Yes, I'm going to talk about keeping the same number as dummy in a moment. But first I want to take up the "Eight Ever, Nine Never" maxim. If you get a club opening lead here, you're not making more than four, and there's not much you can do about it. But of the six declarers who were held to 4, only two got a club opening lead. The others got favorable leads but finessed into the Q of spades, second round.
I wince when I see declarers finessing into a queen with 9 trump. It's not that they're always wrong, of course, but it seems that they're wrong a lot more often than right, though to be sure, my proclivity for wincing may make such cases stick in the memory more. In any event, as I have pointed out often, your peers will go overwhelmingly for the drop. Here the two who got a club opening lead and were destined to lose a diamond and two clubs went for the drop along with eleven others who make 5 on the hand or 6. So that's four finessing and 11 going for the drop, and I think you'll find that often.
Making 6? Well, you might guess how that was done by the category here. West leads the A of diamonds and continues the suit, declarer sluffing a club on the K, of course. Then declarer runs several rounds of spades, picking up the Q, a club to the A (at trick six for one declarer, at trick 7 for another), back to spades until he has no more at which point he runs his hearts, sluffing another club on the long heart. Sluffing another club? Long heart? One defender sluffed a heart at trick 8, the other at trick 9, each by chance exactly two tricks after declarer had led from dummy to the A of clubs. Each defender, of course, held onto that K of clubs which went on the 4th heart.

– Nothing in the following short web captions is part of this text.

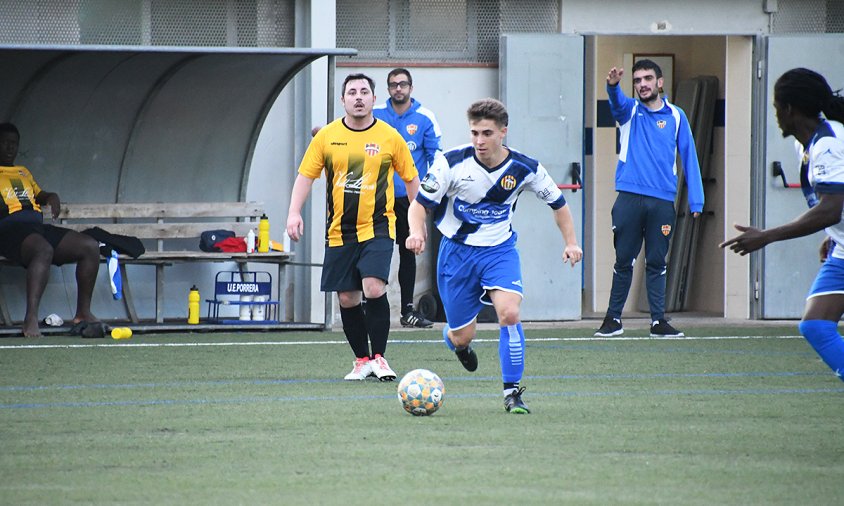 Imatge d'un partit recent del FC Cambrils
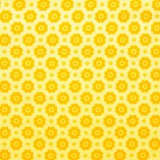 Tela patchwork flores amarillas 1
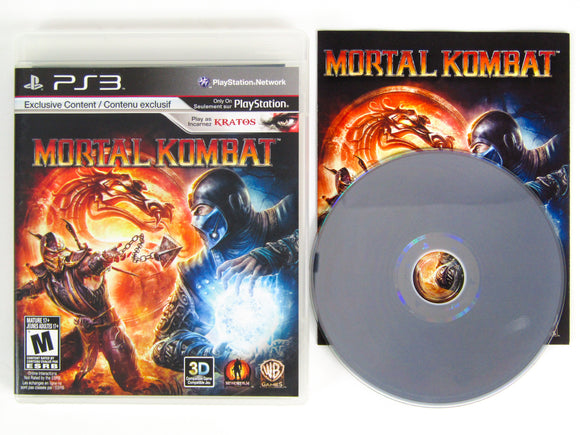 Mortal Kombat (Playstation 3 / PS3)
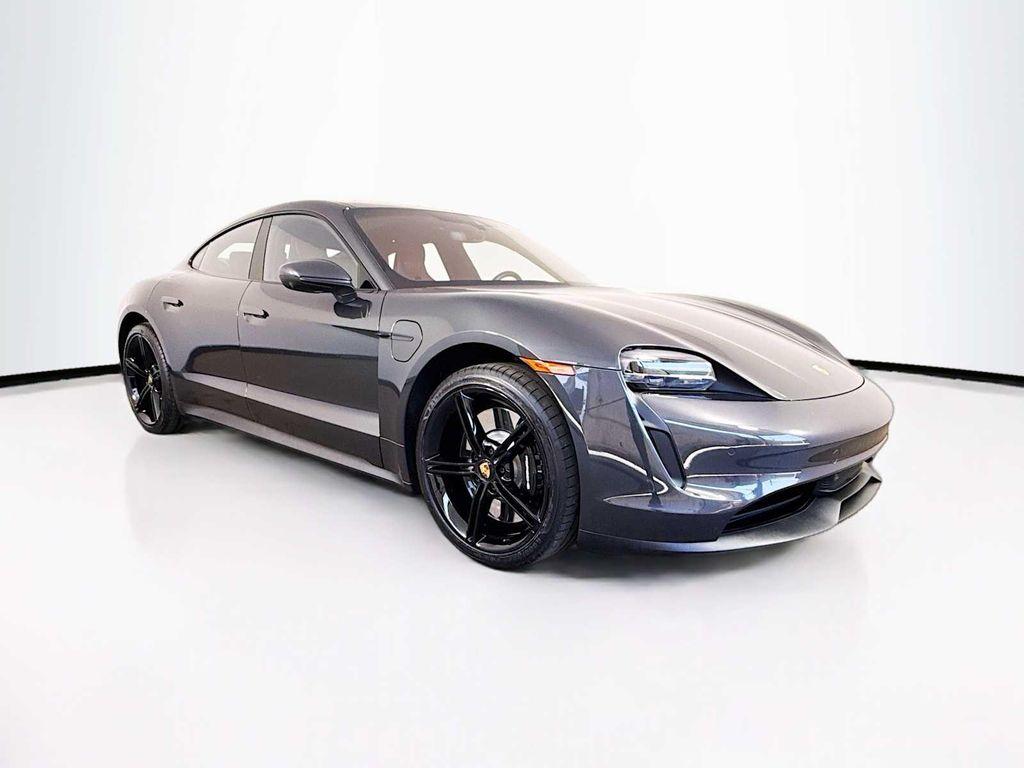 used 2023 Porsche Taycan car, priced at $78,491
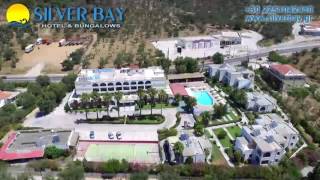 Silver Bay Hotel Mytilene Lesvos Island Greece [upl. by Rihaz]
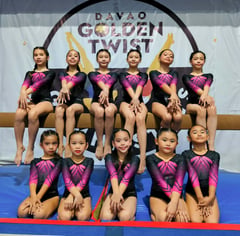 DGTG gymnasts eye Kadayawan glory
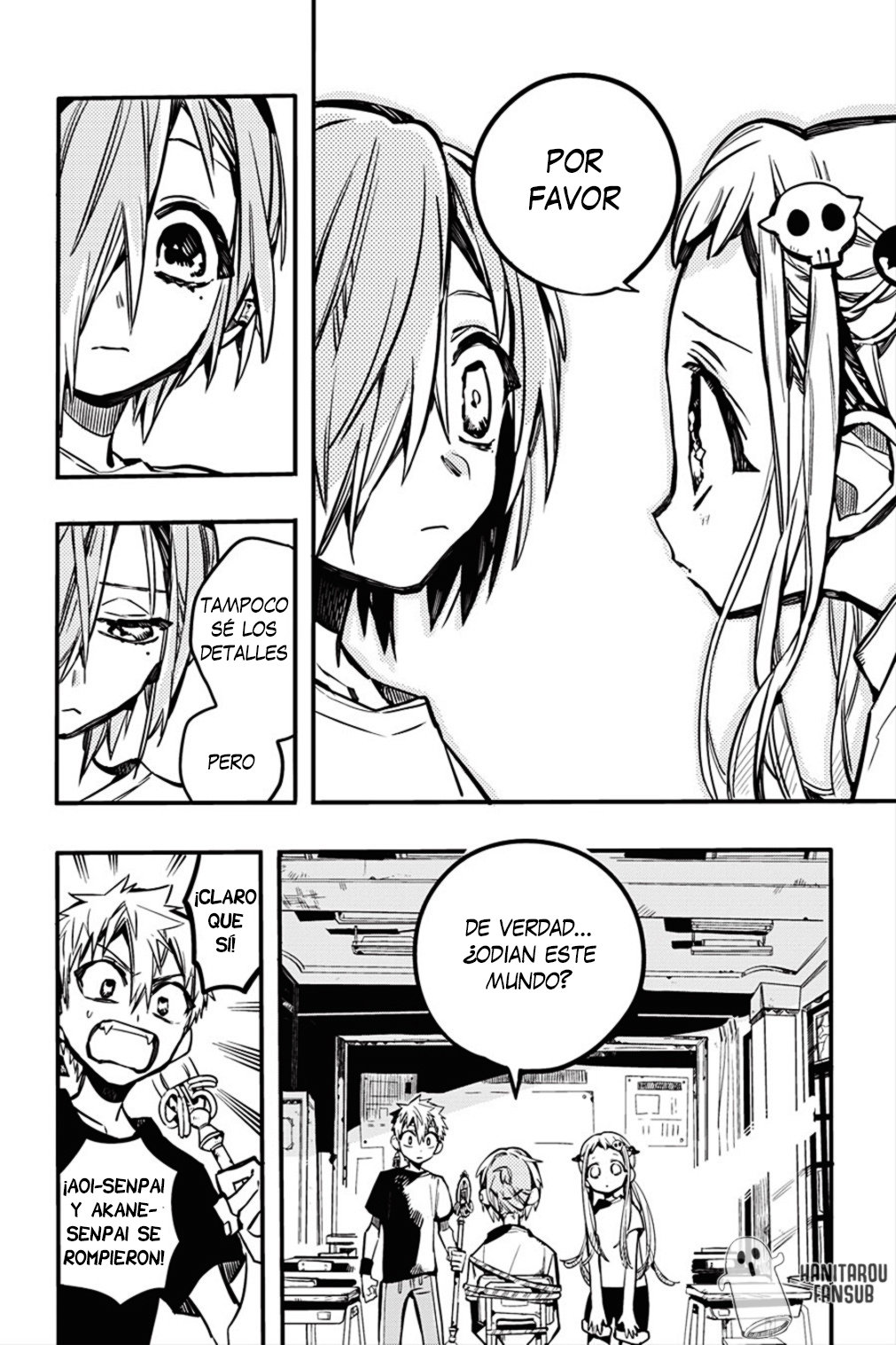 Read Toilet-bound Hanako-kun Español Manga Online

Am I suggesting that East should have figured his partner for the Q of clubs because declarer didn't take the finesse? Yes, sorta. But that's not my strongest argument. Rather the most obvious argument is that East can see that only he can protect the fourth round of hearts. Only you! West can't possibly do so, and the fact that declarer led to the A of clubs without a finesse should have been frosting on the cake, I might say.
And there's just one more point to be made, which is that just supposing declarer did have the Queen of clubs, that he had declined a finesse, and now held Q of clubs and 5 of hearts opposite K 9 of hearts. Yes, East is squeezed at that point, and there's no shame in that.
But when you're not squeezed, you don't want to play squeezed, which is to say, you wanna guard the suit you can and turn the task of guarding the other suit over to your partner, if you can. And if you can't, your partner can't guard that suit, you can congratulate declarer on his squeeze. Capiche? Keep the same number as dummy (by and large).